M. Nazif Shahrani is a professor of anthropology, Central Asian Studies, and Middle Eastern Studies at Indiana University, Bloomington.

==Life==
Nazif Shahrani was born in Badakhshan province of Afghanistan. He completed his elementary education in the village of Shahran-i-Khaash, in Jurm district of Badakhshan, attended Ibnisina (Avecina) Middle School and Kabul Darul Mu'alimin (Kabul Teachers Training High School) in Kabul before entering the Faculty of Education at Kabul University, Afghanistan.

During his junior year at Kabul University, in 1967, he was awarded an East–West Center scholarship by the University of Hawaii, Honolulu where he completed his BA in anthropology (1970). He received an MA and Ph.D. from the University of Washington, Seattle (1972–1976). Between 1972 and 1974, Shahrani conducted anthropological field research in the Wakhan region in northeastern Afghanistan among pastoral nomadic Kyrgyz in the Pamirs and their neighbors the Wakhi agropastoralist community. He later worked as an anthropological consultant for the ethnographic film, The Kirghiz of Afghanistan, which was aired on PBS’s Odyssey series (Fall 1981).

Shahrani has had research and teaching positions at several American Universities, including Harvard’s Center for Middle Eastern Studies, the University of Nevada-Reno, Stanford University, and UCLA, before moving to Indiana University in 1990. He was also a Fellow at the Woodrow Wilson International Center for Scholars of the Smithsonian Institution (1997–98).

He teaches in the departments of Anthropology, Central Eurasian Studies, and Near Eastern Languages and Cultures departments at Indiana University. He has conducted extensive field research in Afghanistan, Turkey, Pakistan and Uzbekistan.

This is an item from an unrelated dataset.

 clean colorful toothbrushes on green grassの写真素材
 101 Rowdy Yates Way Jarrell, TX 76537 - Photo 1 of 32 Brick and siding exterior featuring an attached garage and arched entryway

He is the father of three children.

==Contributions==
His major contributions to Central Asian Studies include:
- The Kirghiz and Wakhi of Afghanistan: Adaptation to Closed Frontiers and War. Seattle. University of Washington Press, 2002.
- Revolutions and Rebellions in Afghanistan: Anthropological Perspectives. M. Nazif Shahrani and Robert L. Canfield, eds. Berkeley, Institute of International Studies, University of California, 1984.
- The Kirghiz and Wakhi of Afghanistan: Adaptation to Closed Frontiers. Seattle, University of Washington Press, 1979.
- More than 40 book chapters in edited volumes and research articles in academic national and international journals.